"Now is the Interest Rate Peak"... Market Liquidity Up for 15 Consecutive Months
August Currency and Liquidity
As expectations for interest rate cuts build and the perception that interest rates have peaked takes hold, money is flowing into time deposits and savings accounts, continuing the upward trend in market liquidity.
Five days before the Lunar New Year holiday, cash transportation personnel are working on releasing funds for the Lunar New Year to be supplied to commercial banks at the Bank of Korea headquarters in Jung-gu, Seoul. Photo by Joint Press Corps
View original imageAccording to the "August Monetary and Liquidity" report released by the Bank of Korea on the 16th, the average balance of broad money supply (M2, seasonally adjusted) in August reached KRW 4,062.6 trillion, up 0.2% from the previous month. M2 has been on the rise for 15 consecutive months since June last year (0.3%).
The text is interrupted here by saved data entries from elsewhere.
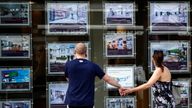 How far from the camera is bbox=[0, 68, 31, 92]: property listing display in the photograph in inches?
408

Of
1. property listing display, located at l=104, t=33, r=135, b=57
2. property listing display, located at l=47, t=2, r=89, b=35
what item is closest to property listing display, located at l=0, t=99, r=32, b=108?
property listing display, located at l=47, t=2, r=89, b=35

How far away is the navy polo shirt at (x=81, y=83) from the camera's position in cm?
841

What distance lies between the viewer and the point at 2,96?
1045 cm

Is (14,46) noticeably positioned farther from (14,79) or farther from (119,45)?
(119,45)

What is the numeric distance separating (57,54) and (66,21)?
0.69m

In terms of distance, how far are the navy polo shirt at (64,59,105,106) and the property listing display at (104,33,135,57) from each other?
6.50 ft

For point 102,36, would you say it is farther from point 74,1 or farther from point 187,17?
point 187,17

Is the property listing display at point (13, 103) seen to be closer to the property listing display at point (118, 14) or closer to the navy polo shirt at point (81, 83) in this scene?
the navy polo shirt at point (81, 83)

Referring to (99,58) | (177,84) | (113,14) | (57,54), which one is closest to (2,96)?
(57,54)

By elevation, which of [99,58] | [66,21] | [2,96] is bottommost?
[2,96]

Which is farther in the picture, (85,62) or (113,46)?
(113,46)

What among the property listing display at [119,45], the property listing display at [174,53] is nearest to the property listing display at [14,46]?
the property listing display at [119,45]

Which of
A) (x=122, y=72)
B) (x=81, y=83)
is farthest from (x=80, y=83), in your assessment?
(x=122, y=72)

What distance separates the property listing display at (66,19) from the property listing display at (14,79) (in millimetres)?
962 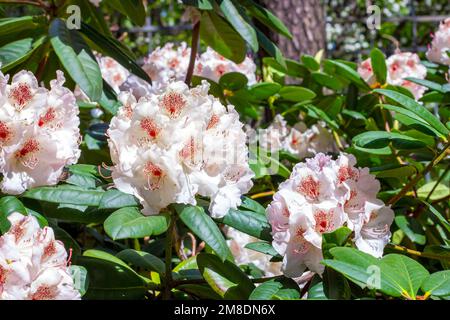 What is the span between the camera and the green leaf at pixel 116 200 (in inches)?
42.0

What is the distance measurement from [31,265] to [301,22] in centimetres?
205

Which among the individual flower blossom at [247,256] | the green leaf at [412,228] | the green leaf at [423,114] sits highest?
the green leaf at [423,114]

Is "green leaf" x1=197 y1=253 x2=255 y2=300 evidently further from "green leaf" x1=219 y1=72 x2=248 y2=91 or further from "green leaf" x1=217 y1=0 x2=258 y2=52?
"green leaf" x1=219 y1=72 x2=248 y2=91

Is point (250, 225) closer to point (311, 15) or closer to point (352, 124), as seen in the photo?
point (352, 124)

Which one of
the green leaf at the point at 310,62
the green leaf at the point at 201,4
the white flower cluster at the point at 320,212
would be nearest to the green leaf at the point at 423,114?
the white flower cluster at the point at 320,212

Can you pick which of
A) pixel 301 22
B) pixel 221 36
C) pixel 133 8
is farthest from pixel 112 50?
pixel 301 22

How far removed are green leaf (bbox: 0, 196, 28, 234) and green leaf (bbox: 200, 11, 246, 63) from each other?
778mm

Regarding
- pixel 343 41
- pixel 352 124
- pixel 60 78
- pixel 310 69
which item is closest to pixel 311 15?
pixel 310 69

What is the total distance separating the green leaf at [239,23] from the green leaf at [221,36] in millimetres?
222

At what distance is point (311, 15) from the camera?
281cm

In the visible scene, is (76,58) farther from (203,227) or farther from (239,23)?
(203,227)

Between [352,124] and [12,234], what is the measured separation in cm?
114

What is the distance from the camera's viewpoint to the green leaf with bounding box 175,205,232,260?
105cm

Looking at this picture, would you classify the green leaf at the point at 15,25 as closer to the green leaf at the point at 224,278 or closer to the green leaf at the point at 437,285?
the green leaf at the point at 224,278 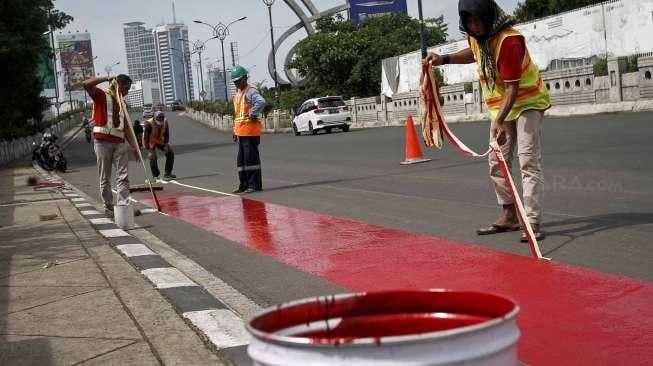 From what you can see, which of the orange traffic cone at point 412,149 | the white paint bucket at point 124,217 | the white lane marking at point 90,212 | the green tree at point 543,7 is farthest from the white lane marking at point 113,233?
the green tree at point 543,7

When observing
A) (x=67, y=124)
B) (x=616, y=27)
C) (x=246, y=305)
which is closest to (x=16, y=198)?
(x=246, y=305)

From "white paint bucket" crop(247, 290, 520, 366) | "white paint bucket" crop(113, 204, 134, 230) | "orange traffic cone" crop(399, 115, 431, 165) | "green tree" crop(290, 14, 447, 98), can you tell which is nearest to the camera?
"white paint bucket" crop(247, 290, 520, 366)

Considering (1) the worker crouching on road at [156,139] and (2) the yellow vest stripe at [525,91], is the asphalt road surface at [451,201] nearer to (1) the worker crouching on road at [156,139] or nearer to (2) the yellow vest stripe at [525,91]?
(1) the worker crouching on road at [156,139]

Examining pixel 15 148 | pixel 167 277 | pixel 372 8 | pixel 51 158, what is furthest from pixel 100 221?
pixel 372 8

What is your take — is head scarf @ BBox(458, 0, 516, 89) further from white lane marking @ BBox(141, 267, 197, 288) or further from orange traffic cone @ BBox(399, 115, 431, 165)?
orange traffic cone @ BBox(399, 115, 431, 165)

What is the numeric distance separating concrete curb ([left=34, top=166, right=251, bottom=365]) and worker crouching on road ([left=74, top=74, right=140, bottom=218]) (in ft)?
6.09

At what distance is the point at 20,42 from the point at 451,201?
2670 cm

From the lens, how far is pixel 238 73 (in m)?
13.0

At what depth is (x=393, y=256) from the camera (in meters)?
6.69

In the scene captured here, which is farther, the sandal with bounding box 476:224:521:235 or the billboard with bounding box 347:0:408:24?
the billboard with bounding box 347:0:408:24

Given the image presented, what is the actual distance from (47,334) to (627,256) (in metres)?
3.80

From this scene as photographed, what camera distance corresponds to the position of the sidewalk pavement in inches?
167

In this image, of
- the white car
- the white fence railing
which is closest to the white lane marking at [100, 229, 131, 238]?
the white fence railing

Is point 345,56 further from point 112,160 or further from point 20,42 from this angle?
point 112,160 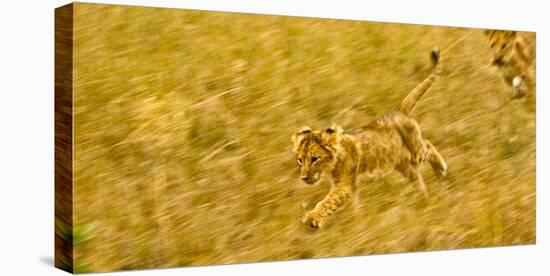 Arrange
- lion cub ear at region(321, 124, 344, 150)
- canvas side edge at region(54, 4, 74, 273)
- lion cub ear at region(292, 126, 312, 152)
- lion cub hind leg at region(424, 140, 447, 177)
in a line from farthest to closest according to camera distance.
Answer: lion cub hind leg at region(424, 140, 447, 177) < lion cub ear at region(321, 124, 344, 150) < lion cub ear at region(292, 126, 312, 152) < canvas side edge at region(54, 4, 74, 273)

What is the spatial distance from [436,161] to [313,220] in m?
1.28

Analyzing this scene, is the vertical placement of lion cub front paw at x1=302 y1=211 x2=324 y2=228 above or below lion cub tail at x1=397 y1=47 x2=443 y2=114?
below

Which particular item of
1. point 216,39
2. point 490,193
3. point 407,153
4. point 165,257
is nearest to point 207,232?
point 165,257

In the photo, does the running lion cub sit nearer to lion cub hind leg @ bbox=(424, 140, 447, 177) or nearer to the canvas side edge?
lion cub hind leg @ bbox=(424, 140, 447, 177)

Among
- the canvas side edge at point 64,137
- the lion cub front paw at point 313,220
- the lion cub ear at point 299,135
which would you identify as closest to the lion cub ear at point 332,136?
the lion cub ear at point 299,135

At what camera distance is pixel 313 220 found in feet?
24.1

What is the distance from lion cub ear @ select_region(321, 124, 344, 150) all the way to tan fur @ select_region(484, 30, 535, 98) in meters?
1.70

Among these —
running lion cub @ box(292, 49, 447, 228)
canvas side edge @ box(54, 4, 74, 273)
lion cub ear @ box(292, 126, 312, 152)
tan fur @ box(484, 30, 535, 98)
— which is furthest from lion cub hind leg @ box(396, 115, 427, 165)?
canvas side edge @ box(54, 4, 74, 273)

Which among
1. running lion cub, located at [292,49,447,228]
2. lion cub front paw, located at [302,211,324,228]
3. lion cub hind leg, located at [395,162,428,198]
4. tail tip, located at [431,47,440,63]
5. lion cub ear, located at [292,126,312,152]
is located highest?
tail tip, located at [431,47,440,63]

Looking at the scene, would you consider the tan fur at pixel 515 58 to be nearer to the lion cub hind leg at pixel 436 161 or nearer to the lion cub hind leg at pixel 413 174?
the lion cub hind leg at pixel 436 161

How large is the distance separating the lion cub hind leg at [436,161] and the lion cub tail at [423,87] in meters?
0.35

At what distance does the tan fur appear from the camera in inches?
324

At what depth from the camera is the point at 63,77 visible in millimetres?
6629

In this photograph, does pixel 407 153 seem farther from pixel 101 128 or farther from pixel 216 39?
pixel 101 128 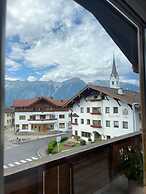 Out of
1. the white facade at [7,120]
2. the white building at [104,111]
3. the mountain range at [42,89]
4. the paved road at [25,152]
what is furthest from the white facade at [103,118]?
the white facade at [7,120]

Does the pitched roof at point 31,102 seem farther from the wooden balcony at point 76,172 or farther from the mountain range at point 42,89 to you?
the wooden balcony at point 76,172

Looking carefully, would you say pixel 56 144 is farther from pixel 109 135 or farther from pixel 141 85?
pixel 141 85

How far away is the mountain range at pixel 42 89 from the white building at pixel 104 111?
6 centimetres

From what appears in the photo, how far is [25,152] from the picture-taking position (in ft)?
4.05

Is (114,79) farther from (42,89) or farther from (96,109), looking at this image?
(42,89)

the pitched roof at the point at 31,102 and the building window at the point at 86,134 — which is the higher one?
the pitched roof at the point at 31,102

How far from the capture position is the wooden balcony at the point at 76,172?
4.40 ft

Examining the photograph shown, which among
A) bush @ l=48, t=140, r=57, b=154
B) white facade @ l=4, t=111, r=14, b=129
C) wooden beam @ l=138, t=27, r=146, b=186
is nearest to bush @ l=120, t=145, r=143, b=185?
wooden beam @ l=138, t=27, r=146, b=186

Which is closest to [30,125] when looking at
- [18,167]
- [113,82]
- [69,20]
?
[18,167]

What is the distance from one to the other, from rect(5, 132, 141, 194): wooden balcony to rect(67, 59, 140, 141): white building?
0.15 m

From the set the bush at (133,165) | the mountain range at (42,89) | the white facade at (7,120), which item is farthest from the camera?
the bush at (133,165)

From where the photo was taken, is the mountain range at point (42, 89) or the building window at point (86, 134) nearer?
the mountain range at point (42, 89)

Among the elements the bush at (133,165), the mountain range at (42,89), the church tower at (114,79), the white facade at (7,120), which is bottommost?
the bush at (133,165)

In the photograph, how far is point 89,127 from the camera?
174 centimetres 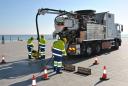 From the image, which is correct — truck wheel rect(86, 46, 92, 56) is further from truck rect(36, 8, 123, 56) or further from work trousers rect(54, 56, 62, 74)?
work trousers rect(54, 56, 62, 74)

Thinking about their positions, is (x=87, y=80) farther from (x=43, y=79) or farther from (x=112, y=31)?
(x=112, y=31)

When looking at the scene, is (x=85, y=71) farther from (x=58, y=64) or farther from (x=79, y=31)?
(x=79, y=31)

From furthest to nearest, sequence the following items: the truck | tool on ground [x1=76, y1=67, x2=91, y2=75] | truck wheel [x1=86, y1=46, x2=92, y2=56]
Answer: truck wheel [x1=86, y1=46, x2=92, y2=56] < the truck < tool on ground [x1=76, y1=67, x2=91, y2=75]

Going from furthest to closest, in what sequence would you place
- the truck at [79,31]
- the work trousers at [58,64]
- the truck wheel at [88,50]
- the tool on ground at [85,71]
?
the truck wheel at [88,50] < the truck at [79,31] < the work trousers at [58,64] < the tool on ground at [85,71]

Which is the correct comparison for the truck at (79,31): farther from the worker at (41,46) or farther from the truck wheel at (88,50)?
the worker at (41,46)

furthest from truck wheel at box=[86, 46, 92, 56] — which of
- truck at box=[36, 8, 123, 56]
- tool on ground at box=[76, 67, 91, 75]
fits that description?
tool on ground at box=[76, 67, 91, 75]

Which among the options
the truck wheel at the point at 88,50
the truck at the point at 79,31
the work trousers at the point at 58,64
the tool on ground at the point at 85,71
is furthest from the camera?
the truck wheel at the point at 88,50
M2 is a broad monetary indicator that includes narrow money (M1) such as cash, demand deposits, and savings deposits with check-writing privileges, as well as money market funds (MMF), time deposits under two years, beneficiary certificates, and repurchase agreements (RP).
By product, time deposits and savings accounts increased by KRW 11.5 trillion, and other monetary products rose by KRW 3.8 trillion, while MMFs decreased by KRW 4.6 trillion and financial bonds fell by KRW 2.5 trillion.
Time deposits and savings accounts increased due to banks' efforts to attract funds to manage loan-to-deposit ratios and deposit demand driven by the perception of peak interest rates. Other monetary products grew mainly in foreign currency deposits and cash management accounts (CMA), attributed to strong exports and increased investment standby funds amid stock market volatility, the Bank of Korea explained.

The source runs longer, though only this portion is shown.